WHAT IS BEING ASKED :: Beginning with the line containing "Moderne Hotellounge mit", transcribe every line exactly down to the last one in the records below, and drop the pictures.

[Scraped caption text data]
========

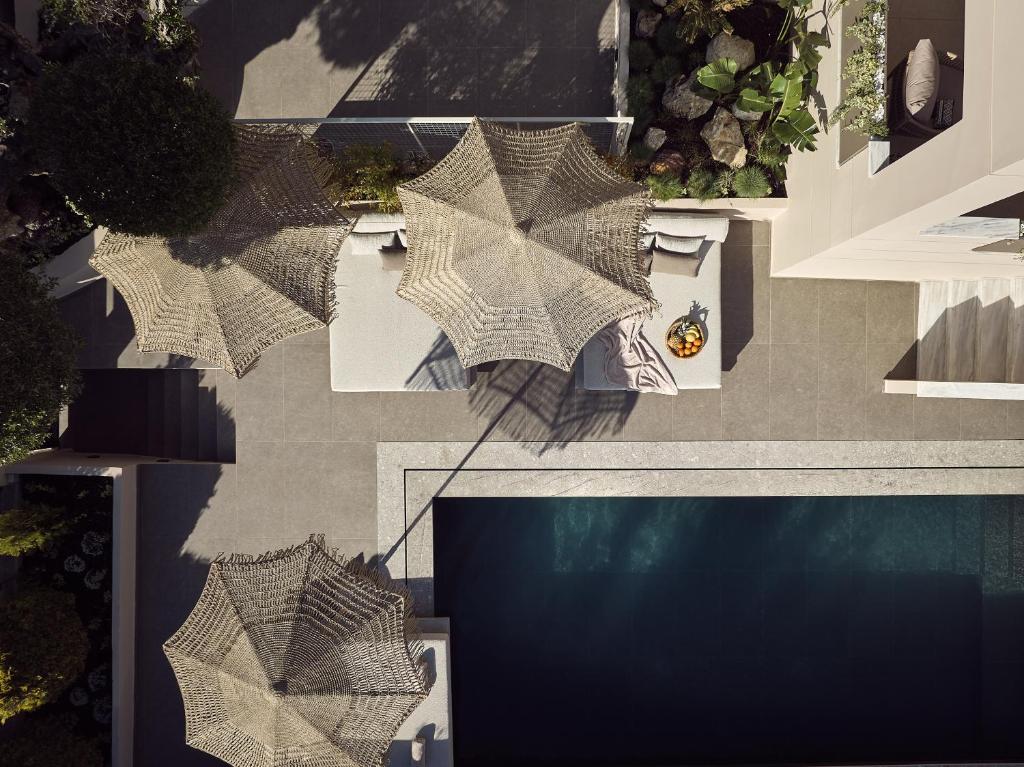 a group of umbrellas on the side of a building at Conte Gesto Villa, with Heated Pool, By ThinkVilla in Akrotiri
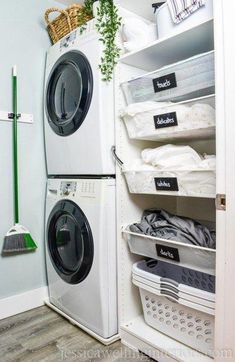 a washer and dryer are in the closet next to each other with baskets on them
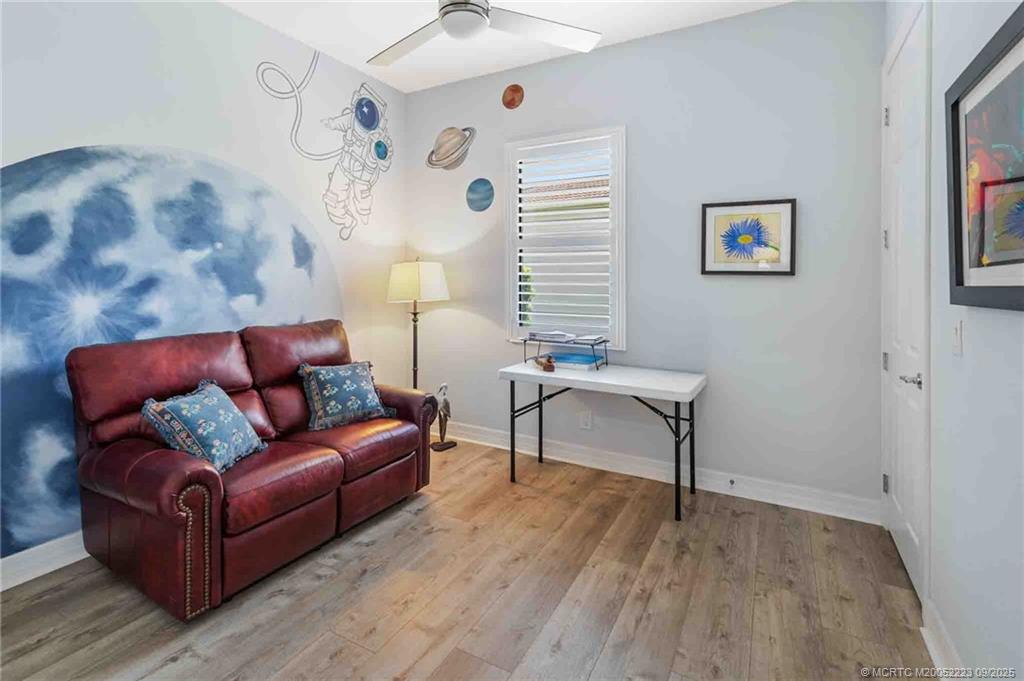 1092 Southwest Scrub Oak Avenue Palm City, FL 34990 - Photo 32 of 45 a living room with furniture and a wooden floor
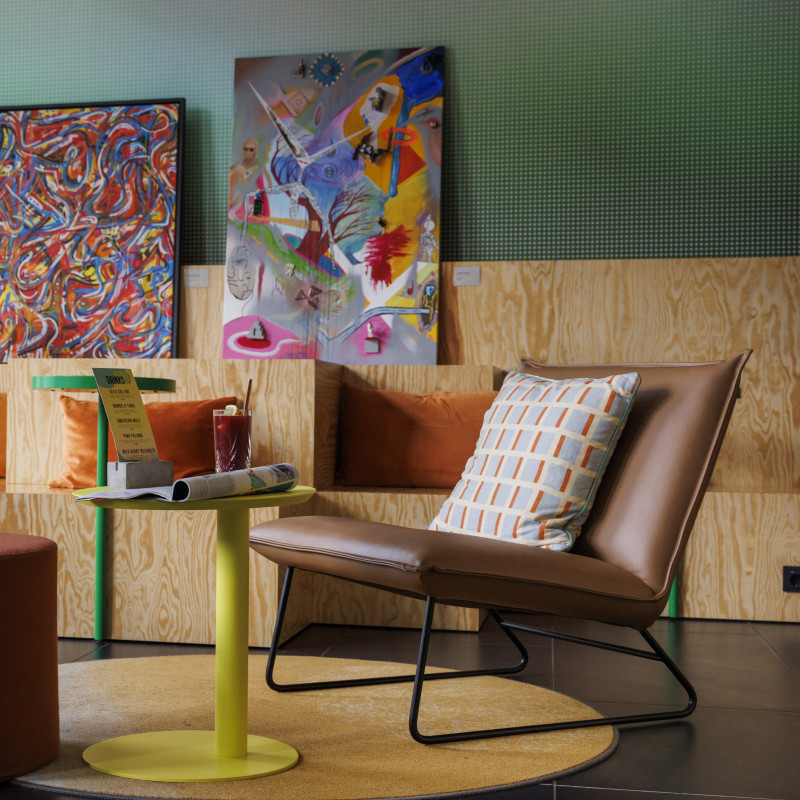 Moderne Hotellounge mit bunten Kunstwerken, gemütlichen Sitzmöbeln und warmen Farbtönen für entspanntes Ambiente.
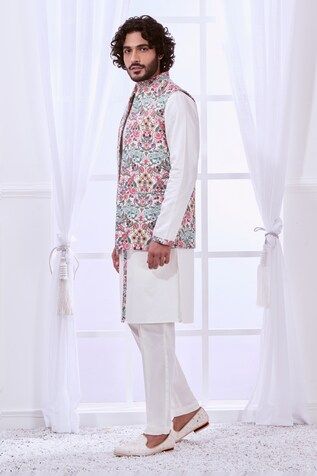 White Nehru jacket with thread embroidery in floral pattern. - Aza Fashions White Sleeveless Nehru Jacket With Resham Embroidery, Traditional Floral Print Bandhgala For Spring, Traditional Spring Bandhgala With Floral Print, Spring Wedding Cotton Sherwani, White Sleeveless Cotton Nehru Jacket, White Sherwani With Chikankari Embroidery For Spring, Spring White Sherwani With Chikankari Embroidery, Spring White Nehru Jacket With Floral Print, Spring Cotton Bandhgala With Resham Embroidery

========

RESPONSE BOX ::
 Moderne Hotellounge mit bunten Kunstwerken, gemütlichen Sitzmöbeln und warmen Farbtönen für entspanntes Ambiente.
 White Nehru jacket with thread embroidery in floral pattern. - Aza Fashions White Sleeveless Nehru Jacket With Resham Embroidery, Traditional Floral Print Bandhgala For Spring, Traditional Spring Bandhgala With Floral Print, Spring Wedding Cotton Sherwani, White Sleeveless Cotton Nehru Jacket, White Sherwani With Chikankari Embroidery For Spring, Spring White Sherwani With Chikankari Embroidery, Spring White Nehru Jacket With Floral Print, Spring Cotton Bandhgala With Resham Embroidery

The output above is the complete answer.